RSV F proteins engineered to stably display antigenic site Ø elicit neutralizing titers significantly higher than those elicited by postfusion F. (A) Neutralization titers of sera from mice immunized with 10 μg of RSV F (left). Postfusion F, as well as RSV F bound by antibodies AM22 or D25, were administered at 20 μg of the RSV F-antibody complex per mouse (right). Titers from each mouse are shown as individual black dots, and geometric means are indicated by red horizontal lines. (B) Neutralization titers of sera from rhesus macaques immunized with 50 μg of RSV F protein variants. Titers from each macaque are shown as individual black dots, and geometric means are indicated by red horizontal lines. Protective threshold () is indicated by a dotted line, and p-values are provided for postfusion versus DS-Cav1 as assessed by two-tailed T-test.
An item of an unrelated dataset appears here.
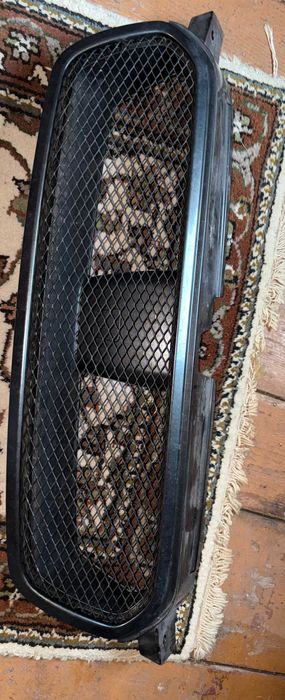Grill Subaru Legacy IV generacji
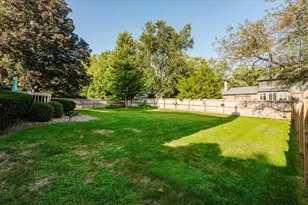 4 Inverness Dr, Bloomington, IL 61701 - Photo 40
Fig. 4. Informatics of site Ø-stabilized RSV F immunogens

(A) Physical stability of site Ø versus immunogenicity. Physical stability (horizontal axis), as determined by the average of seven measurements of D25-retained activity in Table 1, is compared to elicited RSV-protective titers from Fig. 3 (vertical axis). (B) Structural mimicry of site Ø versus immunogenicity. Structural mimicry (horizontal axis) is the root-mean-square deviation of atom distances between different unbound RSV F structures (Fig. 2) and the D25-bound RSV F structure for all atoms within 10 Å of D25. This is compared to elicited RSV-protective titers from Fig. 3 (vertical axis). (C) Antigenic analysis of sera from immunized macaques. Binding of sera to sensor-tip immobilized DS-Cav1 (left), DS (middle), or postfusion F (right) was measured directly (black bars) or after incubation with excess postfusion F (light grey bars), DS (grey bars), or DS-Cav1 (dark grey bars). The mean responses of four macaque sera are shown, with standard deviations as error bars. Additional analysis of immunized sera is shown in fig. S12. (D) Elicited binding responses relative to surface areas and shared or unique portions of immunogens. Surface areas were calculated (fig. S11 and table S3) and compared to binding responses for the 36 response measurements in (C). (E) Correlation of immunogenicity and antigenic specificity of immunized macaque sera. The mean EC50 neutralization titers (week 6) of the four macaque sera in each group are plotted against the ratio of prefusion-specific/postfusion F-specific binding responses in (C) ().